>>>

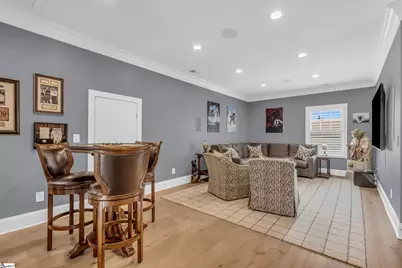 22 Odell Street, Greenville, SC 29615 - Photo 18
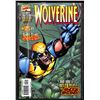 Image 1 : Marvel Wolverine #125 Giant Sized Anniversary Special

<<<
>>>

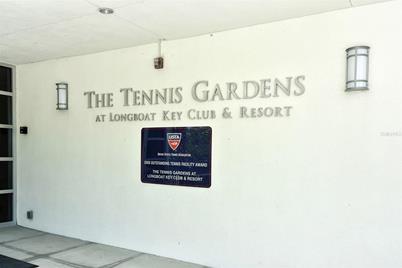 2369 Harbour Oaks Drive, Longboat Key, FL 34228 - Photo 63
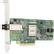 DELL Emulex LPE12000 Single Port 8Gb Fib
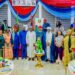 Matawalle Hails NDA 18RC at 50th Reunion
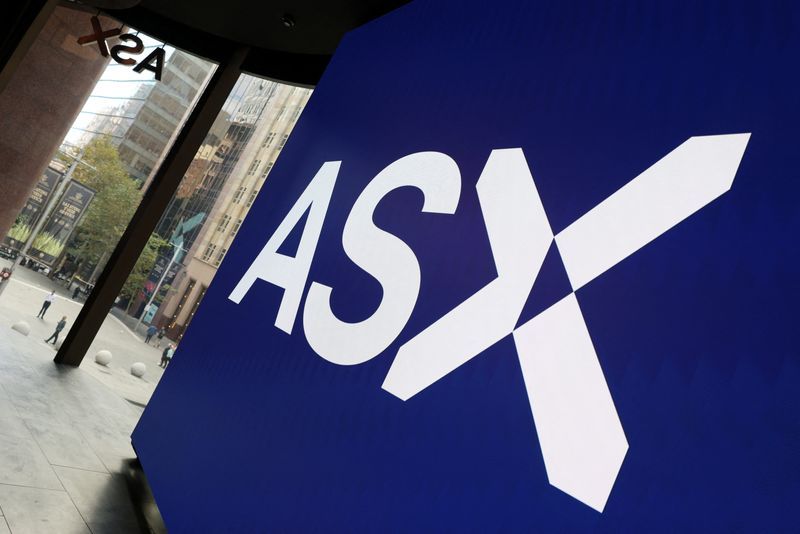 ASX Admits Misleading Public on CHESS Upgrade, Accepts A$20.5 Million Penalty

<<<

*WHAT IS BEING ASKED*.
Once the line with "Matawalle Hails NDA 18RC at 50th Reunion" is found above, transcribe each line from it through the line with "ASX Admits Misleading", exactly, and omit the pictures.

*RESPONSE TO THE EXERCISE*.
 Matawalle Hails NDA 18RC at 50th Reunion
 ASX Admits Misleading Public on CHESS Upgrade, Accepts A$20.5 Million Penalty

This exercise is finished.